You are saying that a line:
y(x) = mx+b
is not linear in general but that goes by a strict definiton of linearity. I would think then you would say that:
y(x) = mx
is exactly linear, but with the added 'b' it is not.
i would agree but often we take y=mx+b to be linear too.
Maybe we could just agree then that sine functions are linearly independent. The reason i am saying this is because you are making a distinction between a system and a signal, but i showed that a system can have the same math function as a signal.
This is not the first time a discussion on linear or not linear came up. There are different ways of looking at what linear is as the above example shows. But another one is from circuit analysis, where we have say an inductor which has response in the time domain that is not considered linear but in the frequency domain it is. For example an inductor in series with a resistor. The response is non linear in time but linear in frequency.

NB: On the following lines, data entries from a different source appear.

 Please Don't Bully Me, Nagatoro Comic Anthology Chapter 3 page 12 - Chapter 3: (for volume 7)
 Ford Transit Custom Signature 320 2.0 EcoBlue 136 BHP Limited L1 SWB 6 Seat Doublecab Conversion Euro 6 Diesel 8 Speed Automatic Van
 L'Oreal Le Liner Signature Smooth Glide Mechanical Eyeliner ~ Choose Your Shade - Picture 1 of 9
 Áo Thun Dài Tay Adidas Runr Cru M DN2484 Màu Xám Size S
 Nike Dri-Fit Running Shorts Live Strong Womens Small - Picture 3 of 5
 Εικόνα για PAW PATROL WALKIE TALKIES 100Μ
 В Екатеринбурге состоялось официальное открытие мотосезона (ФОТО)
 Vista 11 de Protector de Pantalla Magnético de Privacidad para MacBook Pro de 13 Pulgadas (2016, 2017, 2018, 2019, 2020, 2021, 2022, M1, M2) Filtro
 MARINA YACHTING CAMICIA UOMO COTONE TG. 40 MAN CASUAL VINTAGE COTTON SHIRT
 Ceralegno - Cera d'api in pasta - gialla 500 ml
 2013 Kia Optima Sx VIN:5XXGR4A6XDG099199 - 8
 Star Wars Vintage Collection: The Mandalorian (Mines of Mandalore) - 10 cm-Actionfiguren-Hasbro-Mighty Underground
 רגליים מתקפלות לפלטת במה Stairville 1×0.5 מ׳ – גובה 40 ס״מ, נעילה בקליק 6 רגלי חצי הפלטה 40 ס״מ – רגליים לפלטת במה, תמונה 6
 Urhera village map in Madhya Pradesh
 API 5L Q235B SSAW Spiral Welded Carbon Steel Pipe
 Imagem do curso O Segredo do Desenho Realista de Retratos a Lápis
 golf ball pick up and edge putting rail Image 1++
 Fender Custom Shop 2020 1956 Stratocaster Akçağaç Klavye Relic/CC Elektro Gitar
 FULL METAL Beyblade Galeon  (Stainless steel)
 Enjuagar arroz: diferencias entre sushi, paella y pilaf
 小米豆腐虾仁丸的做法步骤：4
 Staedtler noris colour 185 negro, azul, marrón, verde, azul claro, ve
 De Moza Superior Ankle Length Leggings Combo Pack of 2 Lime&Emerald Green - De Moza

Again, linearity is a technical term with strict definitions. Unlike natural languages, the terms in mathematics are strictly defined. A mathematical term may have more than one (strict) definition, but only one will apply in any particular context. In this context, linearity of a function means that the function respects addition and scalar multiplication. That is, f(αx+βy) = αf(x) + βf(y).
Correct: the function of a line, y(x) = mx + b, is a linear function if and only if b is identically zero.
No. Just because you often take it to be linear does not make it so.
For example, let f(x) = 2x + 1. Then, f(x+y) = 2(x+y) + 1 = 2x + 2y + 1.
Yet, f(x) + f(y) = 2x + 1 + 2y + 1 = 2x + 2y + 2.
As f(x+y) ≠ f(x) + f(y), f cannot be linear (note that it also fails the scalar multiplication condition).
Not necessarily. Two functions f and g are linearly independent iff a*f(x) + b*g(x) = 0, for constants a and b, only has the trivial solution a = b = 0. But consider: a*sin(x) + b*sin(pi*x) = 0. Let a = 0, then b can be anything and x ∈ ℤ is a solution.
In any case, linear independence is an entirely different thing from linearity
Systems and signals are indeed distinct mathematical objects. Formally, systems are represented by operators, which map input functions to output functions. Signals, on the other hand, are represented by functions, which map numbers to numbers. Confuse them at your own peril. You should reread WBahn's post #55 again.
Ideal inductors -- as we use in electronics analysis -- are certainly linear devices. Please do some further research on linearity, as your understanding is severely flawed.
Yeah you missed one case didnt you? The oscillator. THAT is the system. The signal (cosine) and the system (oscillator) have the same equation. There's no way around this because they produce the same math function!
So now you say that 1-e^(-A*t) is linear? Make up your mind what you want to call linear.